▶ **Task to complete**: Begin at the line where "Holden Cruze - 2009-Present" appears and reproduce exactly every line through the end of the data below, both included, skipping pictures.

▶ **Data extract**:
◇ ◇ ◇ ◇
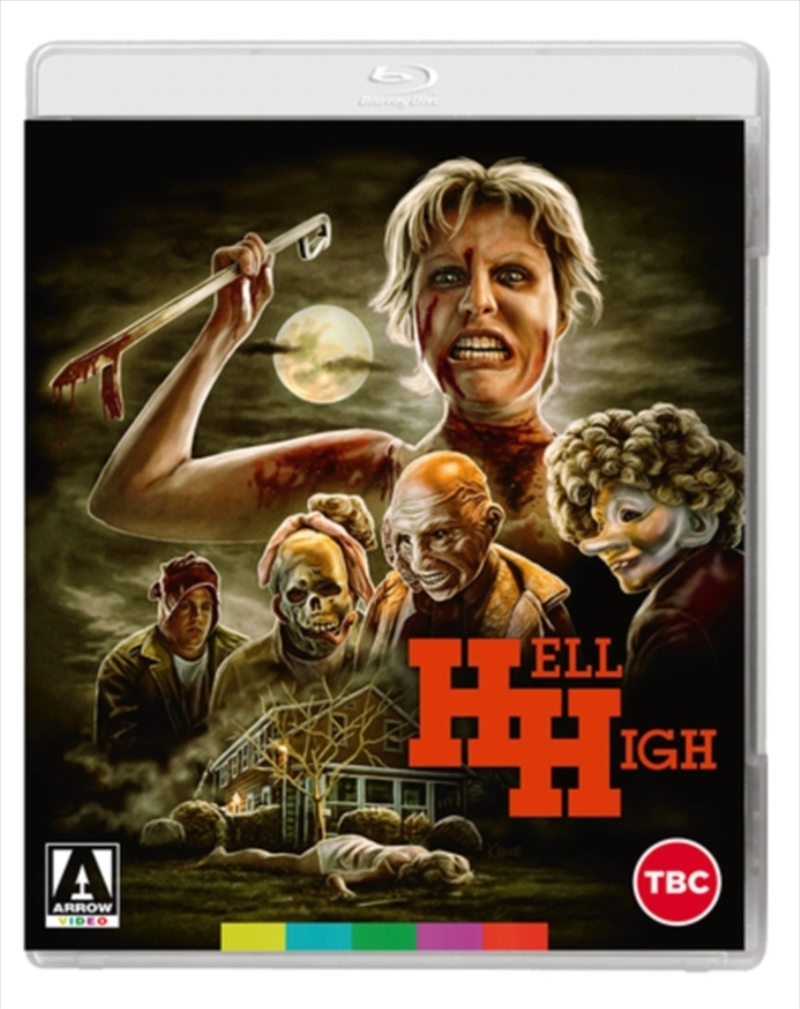 Hell High/Product Detail/Horror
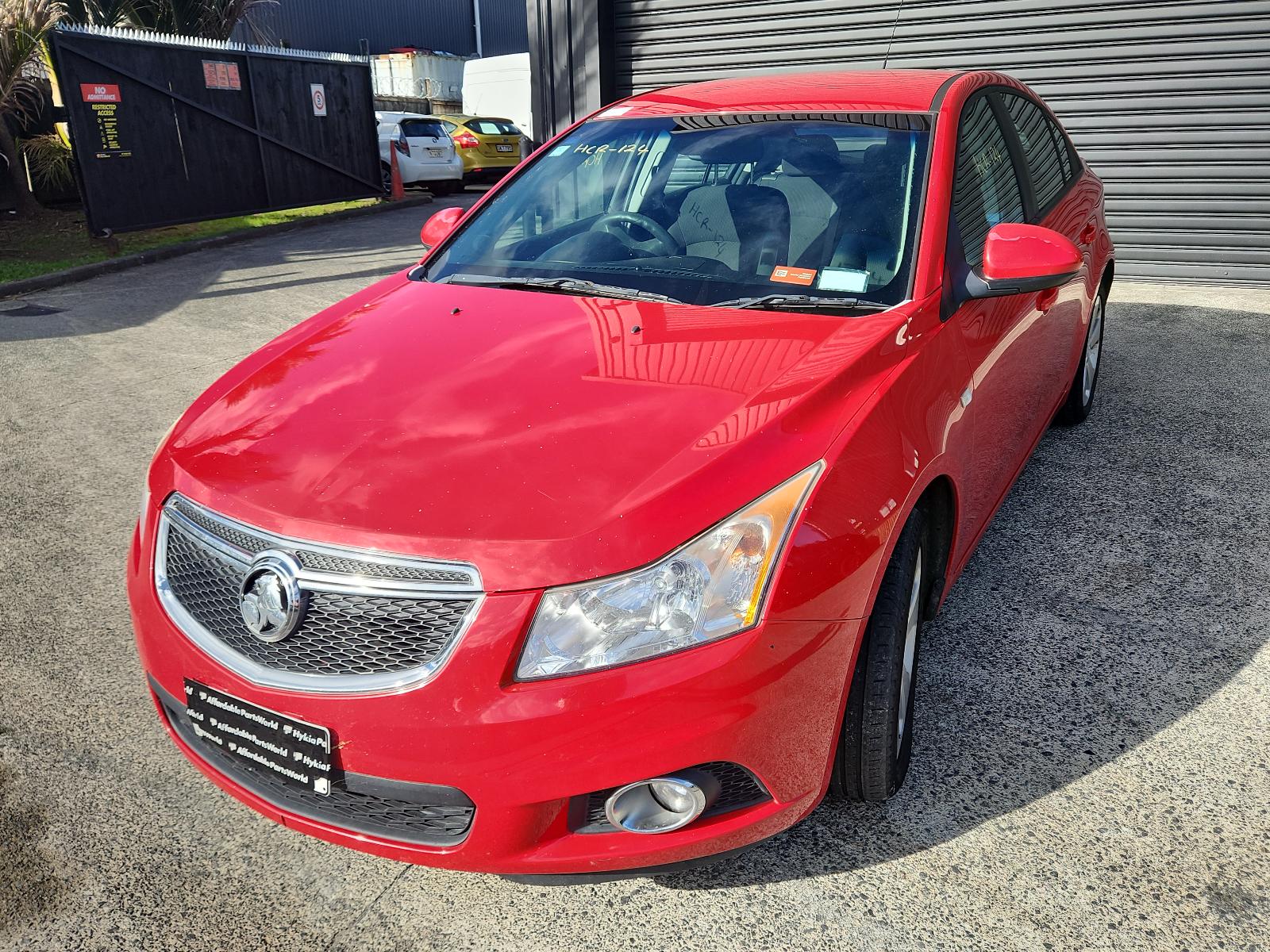 Holden Cruze - 2009-Present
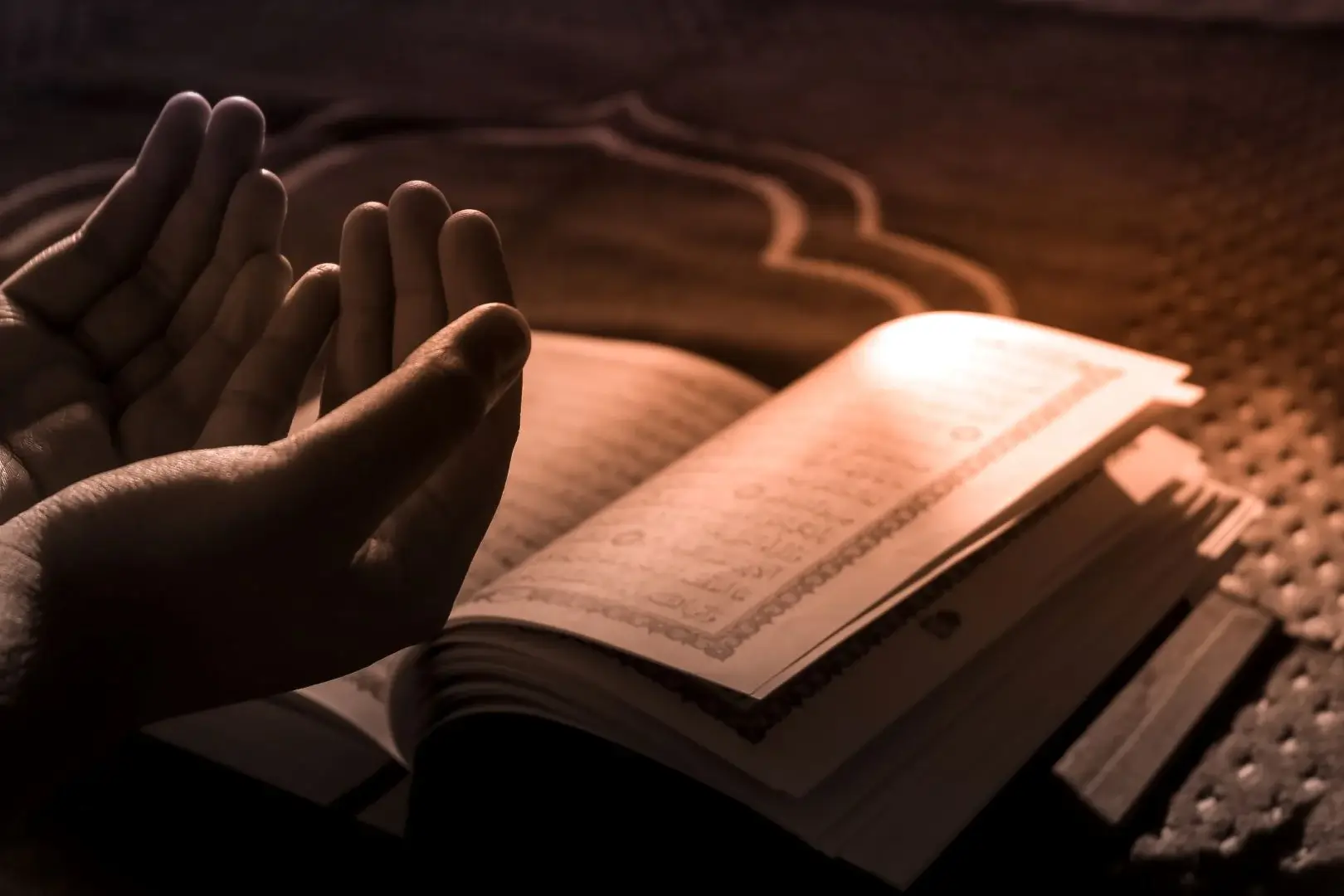 دعاء للميت في رمضان قصير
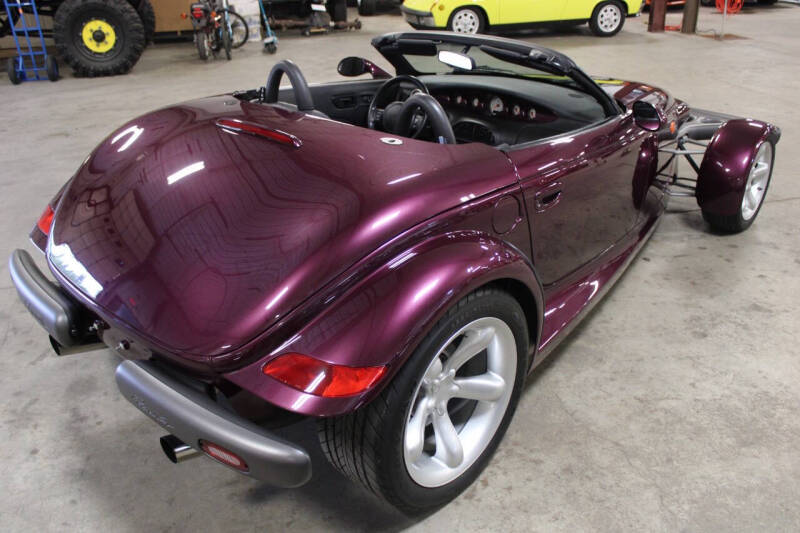 1997 Plymouth Prowler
◇ ◇ ◇ ◇
▶ **Task solution**:
 Holden Cruze - 2009-Present
 دعاء للميت في رمضان قصير
 1997 Plymouth Prowler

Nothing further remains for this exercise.